> **Collection entries**

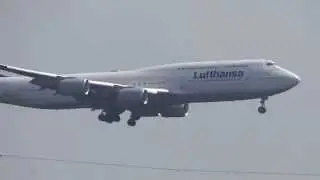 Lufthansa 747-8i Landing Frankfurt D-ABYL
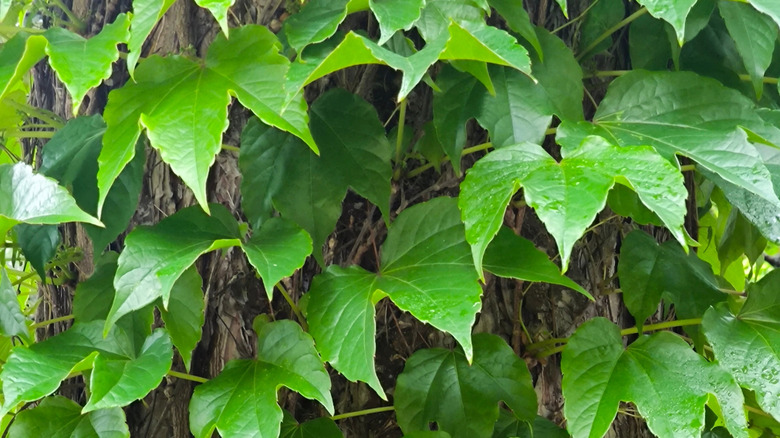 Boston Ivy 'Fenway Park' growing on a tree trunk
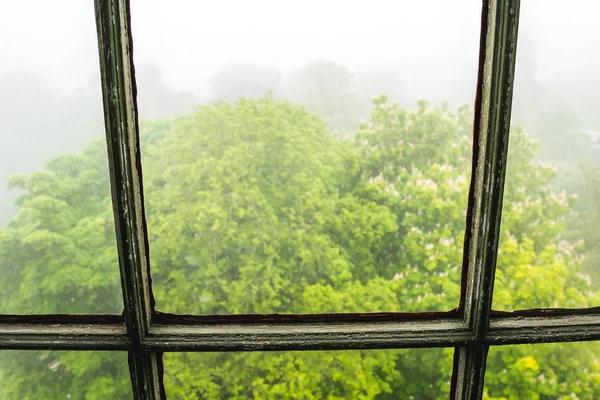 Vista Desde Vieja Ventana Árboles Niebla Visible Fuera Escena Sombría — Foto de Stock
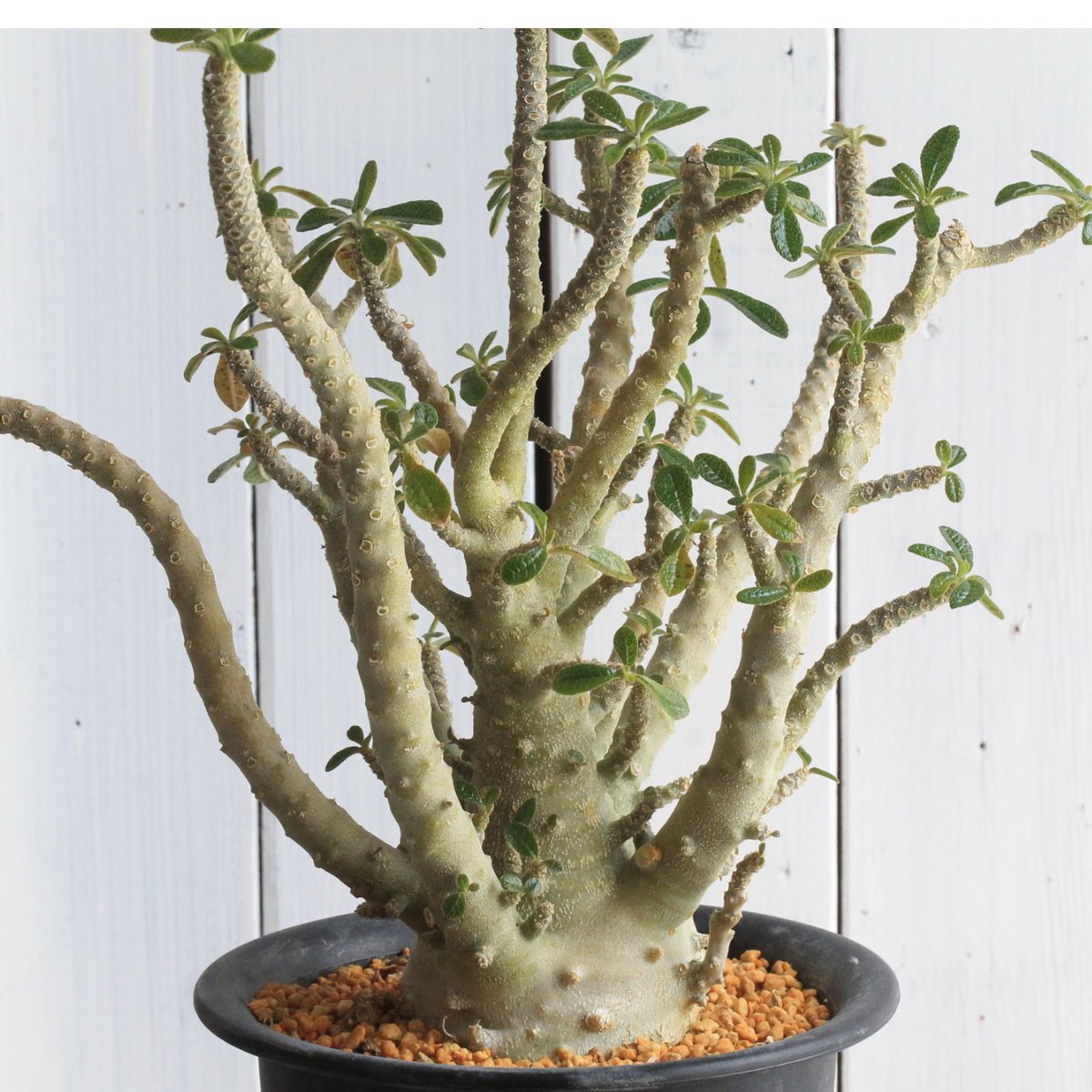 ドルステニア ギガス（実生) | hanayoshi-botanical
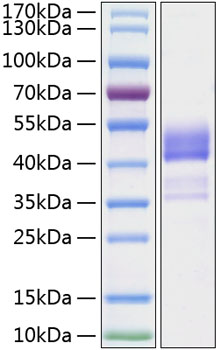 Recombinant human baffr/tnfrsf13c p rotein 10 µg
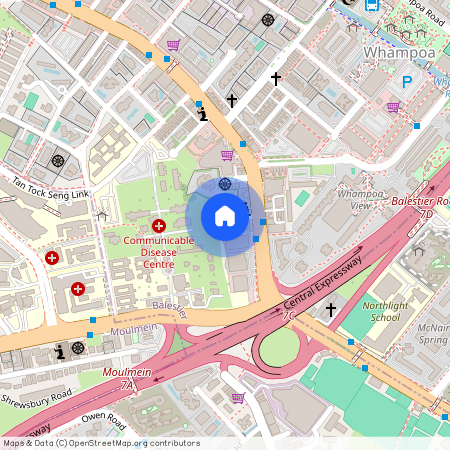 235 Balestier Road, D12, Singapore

> **What you need to do**
Output exactly the lines from the line containing "ドルステニア ギガス（実生) | hanayoshi-botanical" through the last line of the records, both included, and leave out every picture.

> **Solution to this exercise**
 ドルステニア ギガス（実生) | hanayoshi-botanical
 Recombinant human baffr/tnfrsf13c p rotein 10 µg
 235 Balestier Road, D12, Singapore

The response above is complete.